Using a needle and thread, hand-stitch the lining and outer fabric together along the top using a small hemstitch, removing pins as you go.
Check the shape of your hood once you've finished, and reshape it if it's bent out of shape. You now have a basic French Hood.
Measure along the middle of your hood pattern, between the outer and inner crescent edges, from one point to the other. We'll call this measurement A.
Cut out a rectangle of your veil fabric (the dull side of satin fabric is my favorite), 22 inches long and the width of measurement A. Fold all four edges in and hem-stitch them, so that the rectangle is finished on all sides.
Take the side of the veil that is measurement A in length, fold it in half, and match this center point with the center of the french hood. Starting at this point, hem-stitch the veil to the lining of the hood, about 1 inch down from the upper edge. It should stop an inch or so from the end. Finish off, and sew the other half of the veil to the hood.

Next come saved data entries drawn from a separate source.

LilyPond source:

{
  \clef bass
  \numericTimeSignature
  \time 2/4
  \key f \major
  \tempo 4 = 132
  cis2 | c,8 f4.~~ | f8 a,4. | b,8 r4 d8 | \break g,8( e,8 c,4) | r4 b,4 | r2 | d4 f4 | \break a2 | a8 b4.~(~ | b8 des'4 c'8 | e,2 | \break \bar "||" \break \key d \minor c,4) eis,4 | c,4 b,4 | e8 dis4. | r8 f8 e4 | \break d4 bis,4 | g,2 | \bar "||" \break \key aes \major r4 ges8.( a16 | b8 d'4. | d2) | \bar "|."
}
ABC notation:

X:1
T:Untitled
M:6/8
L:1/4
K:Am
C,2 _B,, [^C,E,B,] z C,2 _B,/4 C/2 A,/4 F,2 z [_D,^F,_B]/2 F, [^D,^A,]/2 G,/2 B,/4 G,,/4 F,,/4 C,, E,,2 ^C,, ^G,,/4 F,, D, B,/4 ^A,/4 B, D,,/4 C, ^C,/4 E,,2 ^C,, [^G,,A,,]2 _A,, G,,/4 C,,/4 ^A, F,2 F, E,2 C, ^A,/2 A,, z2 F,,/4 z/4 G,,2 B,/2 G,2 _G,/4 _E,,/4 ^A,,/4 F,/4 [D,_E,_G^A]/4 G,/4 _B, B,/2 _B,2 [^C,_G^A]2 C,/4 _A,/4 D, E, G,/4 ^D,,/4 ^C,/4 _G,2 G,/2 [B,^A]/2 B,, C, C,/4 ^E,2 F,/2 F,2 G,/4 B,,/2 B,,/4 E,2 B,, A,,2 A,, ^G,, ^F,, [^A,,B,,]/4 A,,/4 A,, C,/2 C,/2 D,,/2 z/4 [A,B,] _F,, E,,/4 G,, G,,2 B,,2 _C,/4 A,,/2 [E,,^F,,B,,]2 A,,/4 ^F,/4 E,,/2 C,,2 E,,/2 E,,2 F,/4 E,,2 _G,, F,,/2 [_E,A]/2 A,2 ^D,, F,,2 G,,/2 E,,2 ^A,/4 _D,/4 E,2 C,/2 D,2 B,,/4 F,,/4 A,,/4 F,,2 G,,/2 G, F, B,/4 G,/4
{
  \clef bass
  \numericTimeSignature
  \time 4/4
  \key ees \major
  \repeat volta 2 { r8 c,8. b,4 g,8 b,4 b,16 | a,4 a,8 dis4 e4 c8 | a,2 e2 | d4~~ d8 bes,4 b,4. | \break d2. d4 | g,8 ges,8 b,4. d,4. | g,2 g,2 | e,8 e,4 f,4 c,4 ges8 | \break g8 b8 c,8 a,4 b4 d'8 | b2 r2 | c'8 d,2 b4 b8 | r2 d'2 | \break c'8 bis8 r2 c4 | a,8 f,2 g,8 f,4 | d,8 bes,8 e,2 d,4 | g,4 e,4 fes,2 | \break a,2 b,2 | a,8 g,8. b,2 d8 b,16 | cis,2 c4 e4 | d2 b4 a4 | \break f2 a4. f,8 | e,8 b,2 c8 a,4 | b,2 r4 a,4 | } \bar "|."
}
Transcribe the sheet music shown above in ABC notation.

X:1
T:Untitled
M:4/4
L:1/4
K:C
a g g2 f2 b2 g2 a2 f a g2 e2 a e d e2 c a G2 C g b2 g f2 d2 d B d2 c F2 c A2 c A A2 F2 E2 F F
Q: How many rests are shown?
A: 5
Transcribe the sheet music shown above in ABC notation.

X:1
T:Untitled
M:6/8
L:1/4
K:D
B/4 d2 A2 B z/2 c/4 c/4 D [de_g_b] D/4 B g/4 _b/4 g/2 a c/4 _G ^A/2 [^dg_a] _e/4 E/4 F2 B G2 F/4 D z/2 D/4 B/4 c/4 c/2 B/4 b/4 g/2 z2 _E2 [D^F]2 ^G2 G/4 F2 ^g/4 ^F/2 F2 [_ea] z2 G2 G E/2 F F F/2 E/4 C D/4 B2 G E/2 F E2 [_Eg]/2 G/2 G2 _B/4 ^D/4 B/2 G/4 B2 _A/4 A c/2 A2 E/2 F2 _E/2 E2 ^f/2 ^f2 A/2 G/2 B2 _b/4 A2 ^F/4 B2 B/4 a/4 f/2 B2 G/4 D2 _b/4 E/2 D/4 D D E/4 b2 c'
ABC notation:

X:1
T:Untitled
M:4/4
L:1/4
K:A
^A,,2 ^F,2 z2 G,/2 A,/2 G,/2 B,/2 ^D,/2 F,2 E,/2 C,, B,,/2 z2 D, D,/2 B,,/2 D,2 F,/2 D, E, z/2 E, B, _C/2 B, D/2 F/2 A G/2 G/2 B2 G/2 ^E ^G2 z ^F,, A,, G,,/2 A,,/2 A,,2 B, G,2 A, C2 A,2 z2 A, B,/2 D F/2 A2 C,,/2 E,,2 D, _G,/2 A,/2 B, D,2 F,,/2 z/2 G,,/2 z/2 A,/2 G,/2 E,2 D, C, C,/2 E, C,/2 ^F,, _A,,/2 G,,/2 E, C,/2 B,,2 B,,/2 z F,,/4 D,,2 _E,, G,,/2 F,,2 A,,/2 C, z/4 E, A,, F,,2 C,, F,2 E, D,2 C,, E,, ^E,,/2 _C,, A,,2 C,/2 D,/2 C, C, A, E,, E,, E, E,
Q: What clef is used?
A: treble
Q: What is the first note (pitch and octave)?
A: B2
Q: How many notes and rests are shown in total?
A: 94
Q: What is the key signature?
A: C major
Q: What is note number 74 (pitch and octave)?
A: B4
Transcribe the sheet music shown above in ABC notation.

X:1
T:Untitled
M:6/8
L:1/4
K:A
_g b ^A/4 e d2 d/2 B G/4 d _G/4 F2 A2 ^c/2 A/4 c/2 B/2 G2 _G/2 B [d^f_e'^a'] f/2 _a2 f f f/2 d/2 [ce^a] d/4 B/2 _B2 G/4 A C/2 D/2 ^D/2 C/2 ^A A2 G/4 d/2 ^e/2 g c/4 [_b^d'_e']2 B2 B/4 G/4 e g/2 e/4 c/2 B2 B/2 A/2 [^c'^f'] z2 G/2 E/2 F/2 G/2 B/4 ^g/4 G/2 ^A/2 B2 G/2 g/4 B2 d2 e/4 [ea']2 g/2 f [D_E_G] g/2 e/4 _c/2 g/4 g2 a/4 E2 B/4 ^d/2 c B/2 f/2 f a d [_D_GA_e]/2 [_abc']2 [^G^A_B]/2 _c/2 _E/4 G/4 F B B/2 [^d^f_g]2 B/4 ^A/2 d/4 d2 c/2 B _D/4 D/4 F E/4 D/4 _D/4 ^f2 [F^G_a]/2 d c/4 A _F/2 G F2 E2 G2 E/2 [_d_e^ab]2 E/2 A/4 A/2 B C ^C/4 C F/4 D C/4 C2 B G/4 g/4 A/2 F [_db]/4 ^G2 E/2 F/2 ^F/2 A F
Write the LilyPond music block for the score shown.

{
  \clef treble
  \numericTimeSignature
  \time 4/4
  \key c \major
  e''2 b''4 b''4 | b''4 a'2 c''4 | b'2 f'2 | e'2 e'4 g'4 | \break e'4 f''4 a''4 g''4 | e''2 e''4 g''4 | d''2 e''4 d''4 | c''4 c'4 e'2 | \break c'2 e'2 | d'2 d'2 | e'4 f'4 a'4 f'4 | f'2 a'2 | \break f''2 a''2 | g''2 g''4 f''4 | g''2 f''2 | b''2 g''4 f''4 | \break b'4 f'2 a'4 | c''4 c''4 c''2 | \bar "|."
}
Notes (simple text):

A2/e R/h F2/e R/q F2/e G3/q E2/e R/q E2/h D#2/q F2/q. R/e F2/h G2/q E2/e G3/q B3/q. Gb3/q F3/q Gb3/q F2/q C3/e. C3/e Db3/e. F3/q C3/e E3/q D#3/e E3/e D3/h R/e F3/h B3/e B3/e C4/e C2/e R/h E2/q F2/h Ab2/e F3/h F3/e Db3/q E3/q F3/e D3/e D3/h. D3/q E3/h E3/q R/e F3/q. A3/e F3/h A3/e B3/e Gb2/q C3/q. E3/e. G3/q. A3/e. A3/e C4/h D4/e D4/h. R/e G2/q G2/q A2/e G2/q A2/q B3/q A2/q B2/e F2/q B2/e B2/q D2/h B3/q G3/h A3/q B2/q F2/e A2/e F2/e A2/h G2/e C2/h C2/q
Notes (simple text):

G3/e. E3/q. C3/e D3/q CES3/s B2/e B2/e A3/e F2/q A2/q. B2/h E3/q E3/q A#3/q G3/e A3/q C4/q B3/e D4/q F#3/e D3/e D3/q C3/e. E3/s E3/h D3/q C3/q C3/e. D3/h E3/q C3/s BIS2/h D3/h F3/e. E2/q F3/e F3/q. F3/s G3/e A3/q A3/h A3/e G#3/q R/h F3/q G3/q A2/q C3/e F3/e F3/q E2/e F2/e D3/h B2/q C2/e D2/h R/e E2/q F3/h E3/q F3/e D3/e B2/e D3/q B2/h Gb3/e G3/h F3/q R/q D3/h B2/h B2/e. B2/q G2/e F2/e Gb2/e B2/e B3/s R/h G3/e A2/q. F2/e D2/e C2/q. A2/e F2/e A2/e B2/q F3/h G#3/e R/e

If you put the hood on now, the rectangle of fabric will create two flares behind your head--very Babushka, not very Tudor. You need to pinch the two sides of the rectangle together, around 6/8 inches from where they re sewn to the hood, and stitch them together at that point. Now, when you place the hood on your head, the stitched-together veil sides will meet at the base of your neck and will add support to keep the hood on your head as well as producing that straight fall of veil seen in all the portraits.
If you have short hair or no luck keeping your hood on, you can try the stretchy comb sewn to the inside of the hood, all the way from one point to the other, in conjunction with a caul if you wish. Or you can sew a strap to your hood-a period solution.
Sew your narrow ribbon to the bottom edge of the hood, an inch or so behind the point. bring it across your chin and measure the distance necessary for it to reach the other point of the hood; cut off the ribbon half an inch longer than this measurement. Fold the end of the ribbon down, and sew a small eye to the end. Sew the corresponding hook to the lining of the hood on the other side. When the strap is hooked on, the hood should stay securely on your head.
When heavy billiments, or jeweled edgings are added to the top of a hood, it does become moere top-heavy. If a heavy fabric is used for the veil, such as velvet, the same thing occurs. In these cases, a chinstrap is a great help.
Find some large pearls, filigree beads, or other metallic or jeweled beads whose holes will allow the millinery wire to fit through snugly. Some decorative Buttons with loops on the back will also work.
Bend one end of the wire up slightly using needle-nosed pliers,or use a hot glue gun to glue the end bead securely into place.Continue threading the beads onto the millinary wire until you reach the other end; bend the wire up, or glue this last bead into place as well. If you use glue, you will need to clip the eprotruding ends of the wire flush with the bottom of the pearls or beads once the glue has dried.
Now bend this jeweled billiment so that it fits the upper curve of your hood. There should be a slight bit of the billiment beyond each point of the hood; bend this back & down slightly, like the billiments shown on the French Hood Page.
Use a dark thread between each bead to sew the billiment to the top of your hood. Alternately, you can permanently attach it with a hot glue gun. (In fact, if you have a hot glue gun, you can directly attach pretty much anything under the sun to your hood).